<<<<
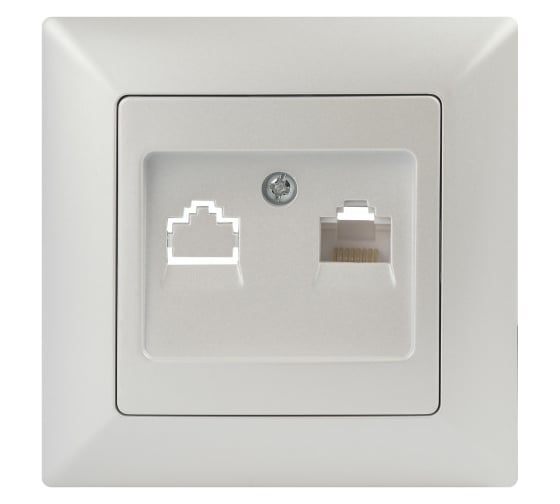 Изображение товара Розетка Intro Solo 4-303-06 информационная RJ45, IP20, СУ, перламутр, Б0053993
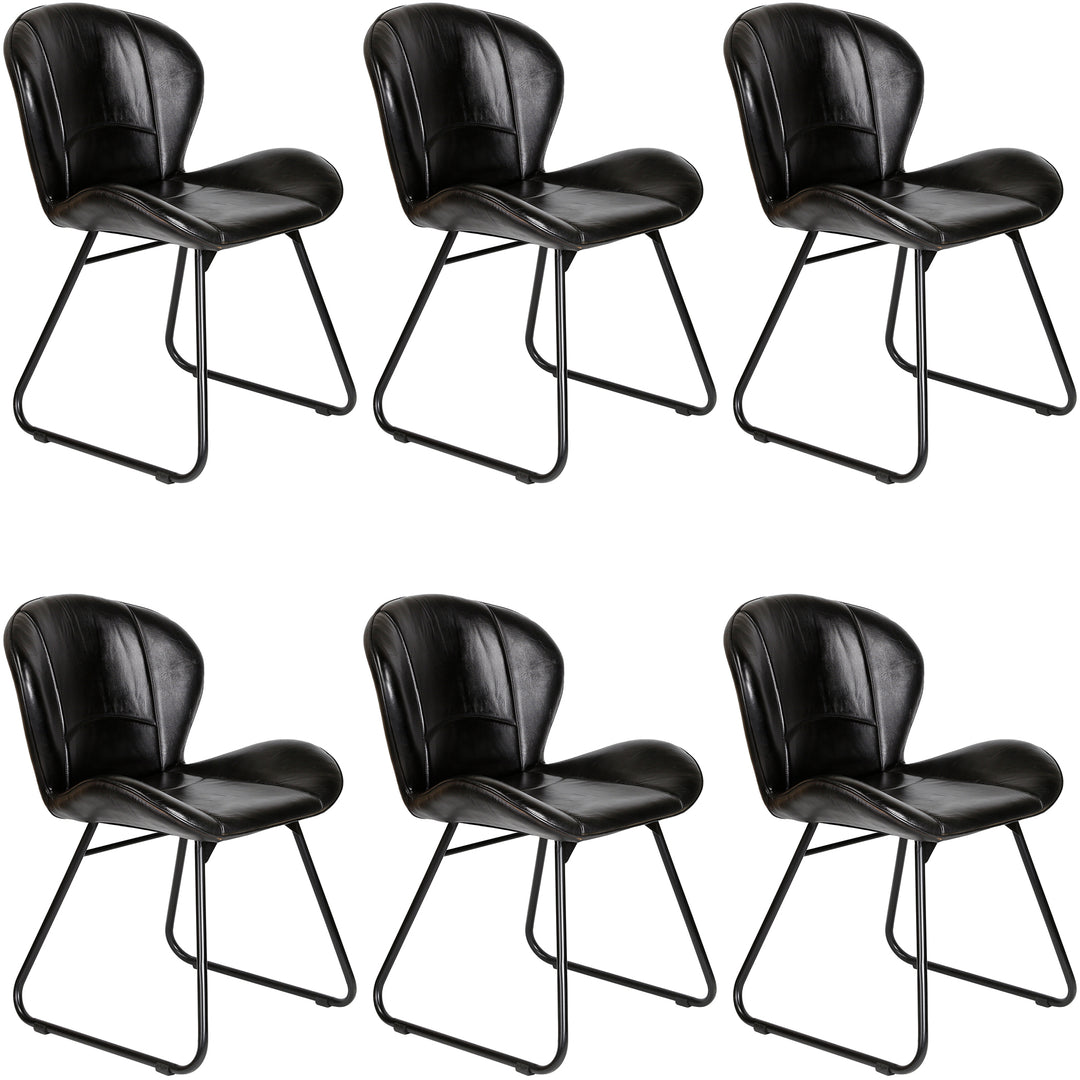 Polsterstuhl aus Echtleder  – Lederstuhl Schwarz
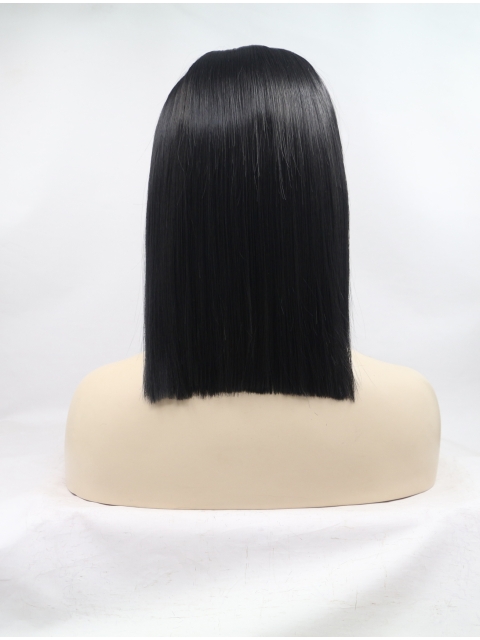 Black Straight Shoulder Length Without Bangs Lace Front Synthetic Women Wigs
>>>>
<<<<
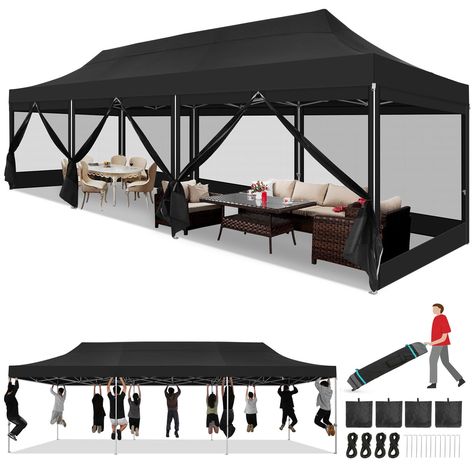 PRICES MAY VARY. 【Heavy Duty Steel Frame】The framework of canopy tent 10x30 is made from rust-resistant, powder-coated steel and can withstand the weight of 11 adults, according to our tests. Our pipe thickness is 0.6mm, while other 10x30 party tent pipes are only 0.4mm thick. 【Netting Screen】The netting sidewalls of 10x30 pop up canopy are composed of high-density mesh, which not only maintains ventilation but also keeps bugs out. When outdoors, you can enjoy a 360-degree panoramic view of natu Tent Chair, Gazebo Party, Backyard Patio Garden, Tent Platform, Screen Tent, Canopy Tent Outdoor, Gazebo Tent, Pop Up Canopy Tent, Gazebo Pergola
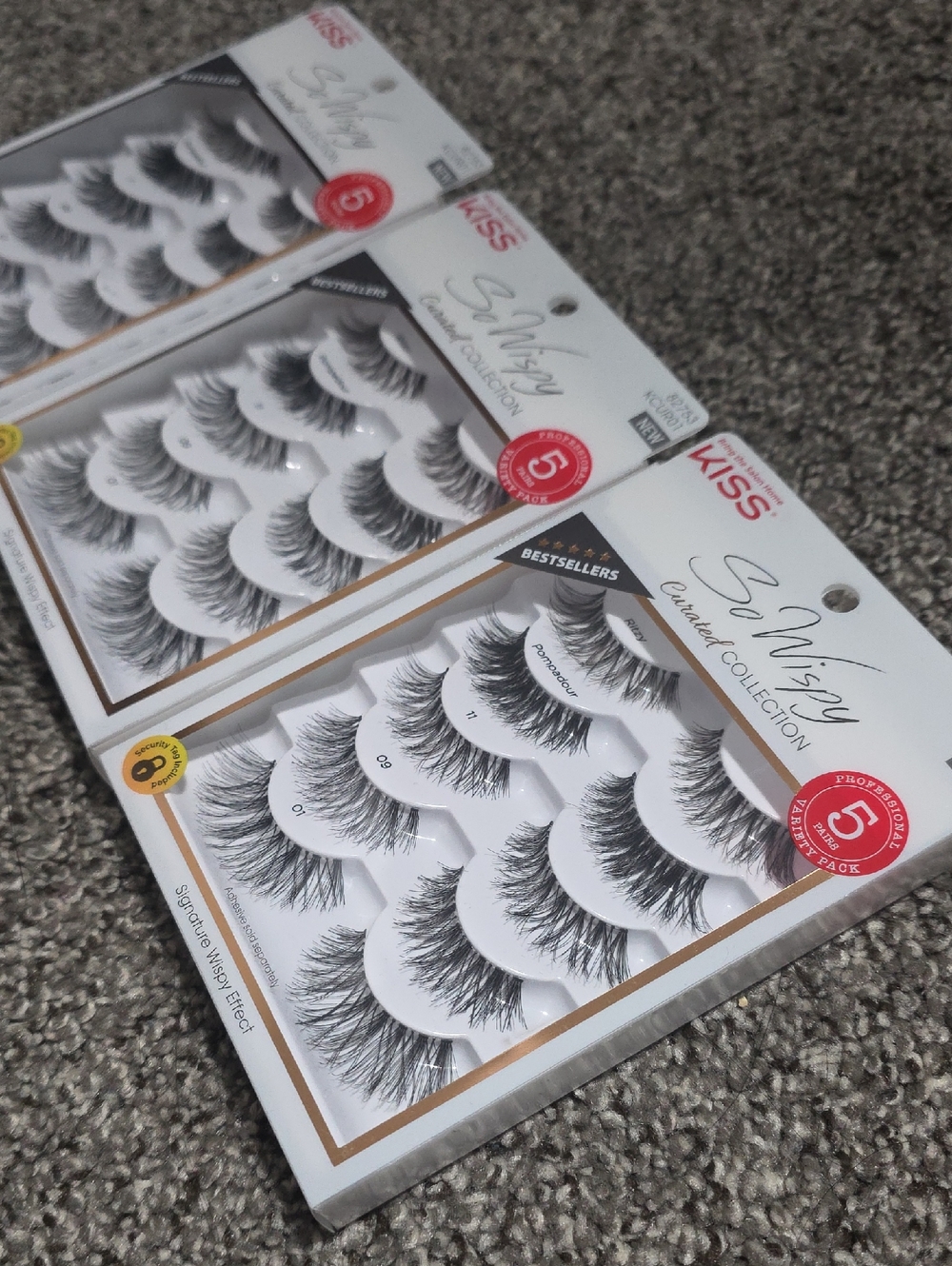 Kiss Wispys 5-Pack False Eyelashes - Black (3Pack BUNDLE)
>>>>
<<<<
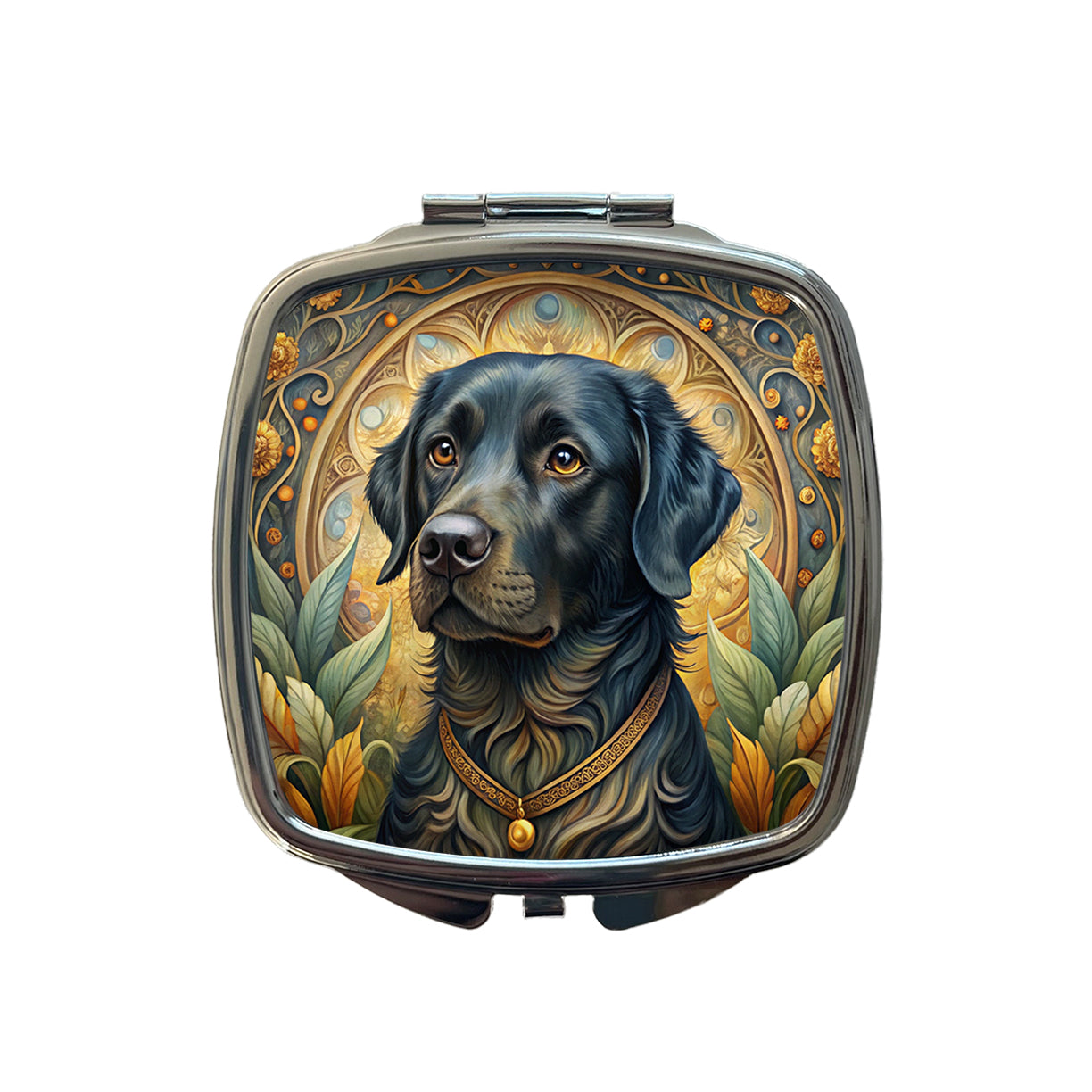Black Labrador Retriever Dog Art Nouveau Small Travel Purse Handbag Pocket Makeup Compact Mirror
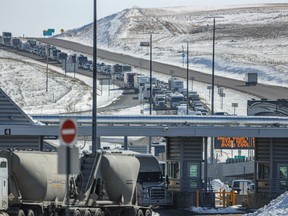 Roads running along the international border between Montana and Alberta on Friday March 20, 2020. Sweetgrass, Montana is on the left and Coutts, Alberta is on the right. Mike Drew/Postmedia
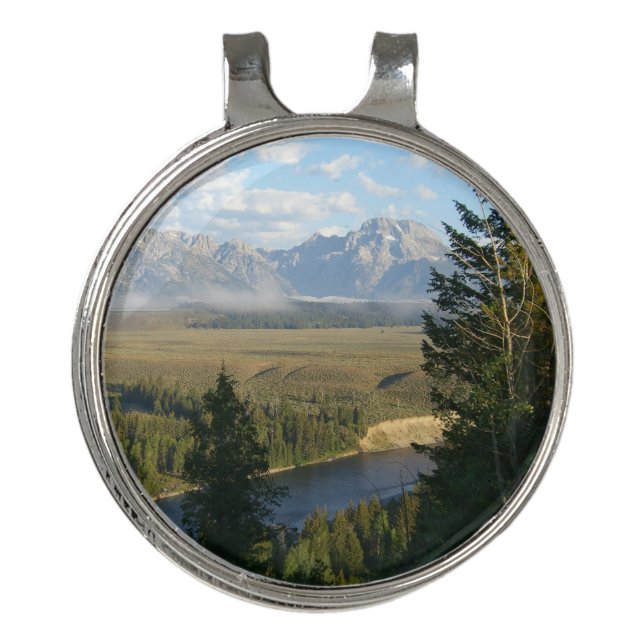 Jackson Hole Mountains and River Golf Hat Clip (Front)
>>>>
● Problem requirements
Whatever pictures the records hold, omit them; give again exactly the lines from the one containing "Black Labrador Retriever" through the one containing "Jackson Hole Mountains".

● Response for this exercise
Black Labrador Retriever Dog Art Nouveau Small Travel Purse Handbag Pocket Makeup Compact Mirror
 Roads running along the international border between Montana and Alberta on Friday March 20, 2020. Sweetgrass, Montana is on the left and Coutts, Alberta is on the right. Mike Drew/Postmedia
 Jackson Hole Mountains and River Golf Hat Clip (Front)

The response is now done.